Джон Ирвинг о Гюнтере Грассе
Джон Ирвинг опубликовал в The Globe and Mail заметку, посвящённую Гюнтеру Грассу. Всё, что я могу сделать для памяти Гюнтера Грасса — перевести заметку Ирвинга на русский язык.
Джон Ирвинг
НЕОТВЕЧЕННОЕ ПИСЬМО ОТ ГЮНТЕРА ГРАССА
На моём письменном столе в Торонто лежит неотвеченное письмо от Гюнтера Грасса, отправленное из Любека 23 марта. Мне жаль, что я не ответил на него до смерти Грасса. Он сказал в письме, что ему
В последнем абзаце он написал грустную фразу: "Die Welt ist wieder einmal aus den Fugen und mir, dem kriegsgebrannten Kind, kommen böse Erinnerungen". Это сложно перевести дословно, но в виду он имел следующее: «Мир трещит по швам, что доставляет мне, наученному горьким опытом войны ребёнку, прескверные воспоминания».
Мне было 19 или 20, когда я прочитал «Жестяной барабан»; я не знал, что возможно быть современным романистом и одновременно рассказчиком из XIX века. Оскар Мацерат отказывался расти, оставаясь маленьким — и ростом и внешностью. Ему удалось спастись во времена нацизма — он выжил во время войны, хотя не избежал чувства вины.
Когда я был студентом в Вене, я добровольно работал натурщиком на уроках живописи в академии искусств на Ringstraße. Я сказал, что у меня был подобный «опыт», однако я хотел быть натурщиком, потому что им же был Оскар Мацерат.

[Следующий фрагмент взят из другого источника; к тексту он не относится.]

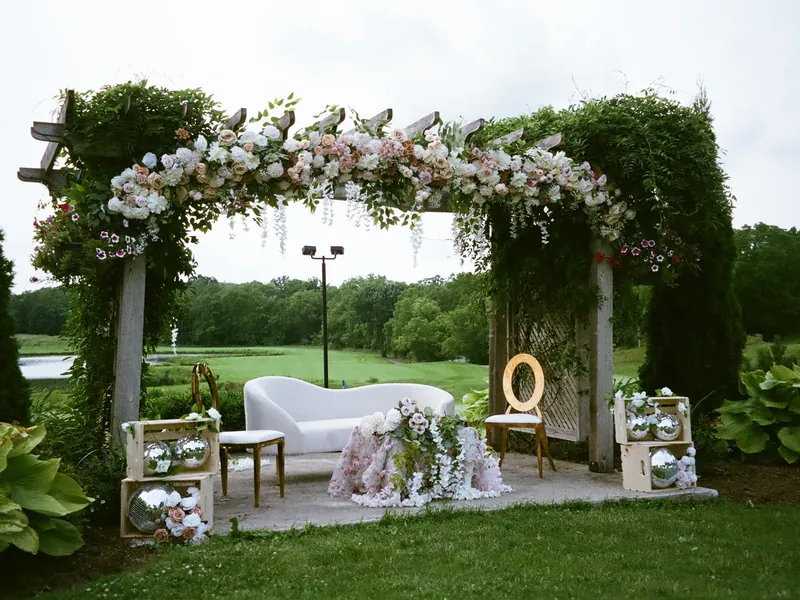 Outdoor wedding stage under a floral pergola with a white loveseat and disco balls on a golf course lawn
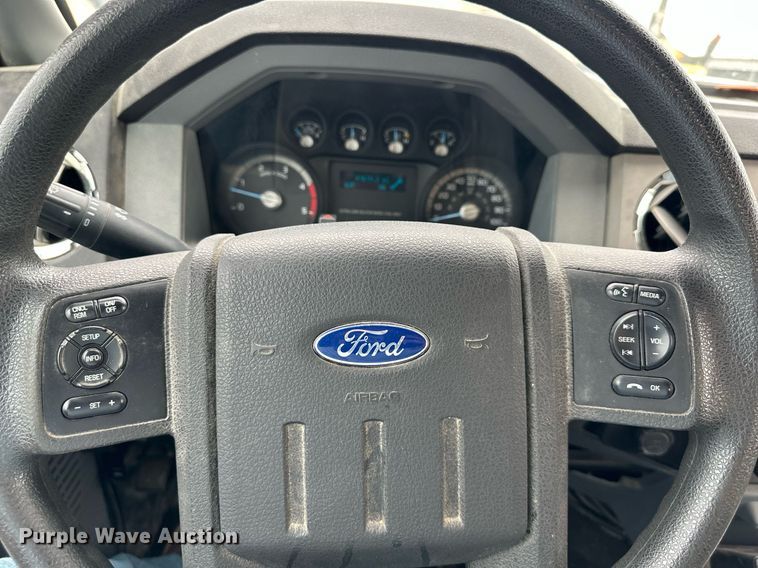 image for item DO5115 2015 Ford F550 Super Duty  flatbed truck with side boom mower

В июле 2007 года я рецензировал противоречивые мемуары Грасса «Луковица памяти» (Beim Häuten der Zwiebel) для The New York Times Book Review. Признание Грасса — а именно, что он был призван в SS в возрасте 17 лет — разъярило критиков. Одни называли его откровение «вымученным», другие предъявляли претензии, что это признание последовало с большим опозданием. В своей рецензии я назвал эти высказывания «ханжеским разгромом»(sanctimonious dismantling). Признание о службе в СС — это история Грасса, он писал о ней с чувством «рецидивного стыда». Зачем бы ему говорить о своей вине журналистам? Если бы он так поступил, репортёры написали бы его историю на свой лад, следуя стадным инстинктам. Но никто не написал бы о стыде Грасса лучше, чем он сам. Его автобиография посвящена «всем, у кого он учился».
Благодаря своим любимым писателям XIX века я понял, что хочу быть романистом определенного сорта — как Диккенс и Харди, как Готорн и Мелвил. Благодаря Грассу я понял, как этого добиться.
Однажды вечером у него дома в Белендорфе — это был октябрь 1995 года, моему сыну Эверетту было всего четыре года — жена Гюнтера, Уте, жарила ягнёнка, а Гюнтер пел Эверетту песню на английском (по-немецки Эверетт знал только названия нескольких цветов и цифр от одного до пяти). Это была песня "One man and his dog went to mow a meadow" (Человек и собака пошли косить луг). Далее по песне количество людей и собак увеличивалось до десяти. Это очень простая песня, но Эверетт слушал её с большим вниманием, она нравилась ему. Позднее мы с женой поняли, что Эверетт не знал, что такое «луг», или что означает «косить». (Эверетт пытался выяснить, что именно люди и собаки делали, и с кем.)
Это был удивительный вечер, но когда я думаю о Гюнтере теперь — 20 лет спустя после песни о скошенном луге — я думаю о нём как мальчик, о котором он писал в «Луковице памяти». Он называл себя «ребёнком, обманутым войной, и поэтому неумолимо склонным к противоречиям». (Возможно, даже более важно, что Гюнтер также описывал себя следующим образом: «Я выискивал всё, что презирает национальная культура».)
Как писатель Грасс был одним из великих. Как человек, он считал, что ответственность лежит и на нём самом, и на его народе — имея в виду каждый народ, любой народ, и каждого человека по отдельности. Это то, что я бы написал ему, если бы мог ответить на его письмо.